Se, da un lato, progressivamente ci si è aperti alla psicologia del bambino, dall’altro lato si è gradualmente fatta strada nell’educazione e nella genitorialità una cultura dell’iperprotezione infantile che priva ciascun infante del senso del limite, del rispetto nei confronti degli altri e della responsabilità rispetto alle proprie azioni. Ad esempio, se il bambino torna a casa portando un’insufficienza alcuni genitori non sono disposti ad accettare l’idea che proprio figlio non abbia studiato a sufficienza, al contrario capita spesso che la colpa venga attribuita all’insegnante, alla scuola, al preside e così via. Oppure può scegliere di seguire la via della patologizzazione, e la mancanza di costanza e impegno nello studio divengono il risultato di una diagnosi oggi abusata, come i disturbi dell’apprendimento o da deficit di attenzione. Alla fine di questo processo il bambino, e dopo l’adolescente, vengono privati di volontà, responsabilità e senso del dovere.

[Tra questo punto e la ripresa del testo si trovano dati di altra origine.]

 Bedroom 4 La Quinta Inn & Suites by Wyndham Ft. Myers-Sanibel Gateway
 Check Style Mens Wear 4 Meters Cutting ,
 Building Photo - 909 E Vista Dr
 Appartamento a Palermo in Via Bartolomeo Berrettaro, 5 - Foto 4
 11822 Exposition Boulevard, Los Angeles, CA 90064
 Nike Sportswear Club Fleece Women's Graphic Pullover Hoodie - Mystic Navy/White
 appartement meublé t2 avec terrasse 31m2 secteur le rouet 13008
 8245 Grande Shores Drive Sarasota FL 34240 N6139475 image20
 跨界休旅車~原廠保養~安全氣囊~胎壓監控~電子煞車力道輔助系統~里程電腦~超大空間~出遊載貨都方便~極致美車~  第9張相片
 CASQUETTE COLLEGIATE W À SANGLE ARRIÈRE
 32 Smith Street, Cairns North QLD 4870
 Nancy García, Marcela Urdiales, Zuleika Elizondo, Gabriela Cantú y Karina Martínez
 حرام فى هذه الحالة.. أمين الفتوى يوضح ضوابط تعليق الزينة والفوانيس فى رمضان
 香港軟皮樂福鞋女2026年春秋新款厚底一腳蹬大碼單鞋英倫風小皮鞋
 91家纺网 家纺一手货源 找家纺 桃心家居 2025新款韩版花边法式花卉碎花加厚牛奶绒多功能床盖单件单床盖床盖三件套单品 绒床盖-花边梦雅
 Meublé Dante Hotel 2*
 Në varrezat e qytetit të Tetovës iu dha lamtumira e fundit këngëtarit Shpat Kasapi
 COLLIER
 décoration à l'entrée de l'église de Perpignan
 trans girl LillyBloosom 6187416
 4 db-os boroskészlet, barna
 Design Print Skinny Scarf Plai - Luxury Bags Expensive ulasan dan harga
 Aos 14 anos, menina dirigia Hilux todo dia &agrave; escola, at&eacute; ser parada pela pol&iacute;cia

Inoltre, oggi molte famiglie si organizzano in funzione delle esigenze e dei desideri dei figli: sono loro che decidono cosa mangiare, cosa comprare; sono loro che condizionano il tipo di vacanza, etc. Nel momento in cui il bambino si trova di fronte una difficoltà, subito i genitori corrono nel cercare di risolverla, senza lasciargli lo spazio per crescere e sviluppare autonomamente la capacità di risoluzione dei problemi. A questo si aggiungono le costanti ansie e preoccupazioni che i genitori hanno nei confronti dei loro figli: “mio figlio sarà o non sarà sano?”, “la vaccinazione può danneggiare mio figlio?”. “è normale che si comporti in questo modo?”, “non vuole mangiare le verdure, ha qualche tipo di malattia?”. O, ancora peggio, c’è chi porta in pronto soccorso il proprio figlio per un mal di pancia o per una stipsi, trasformando un problema lieve in grave.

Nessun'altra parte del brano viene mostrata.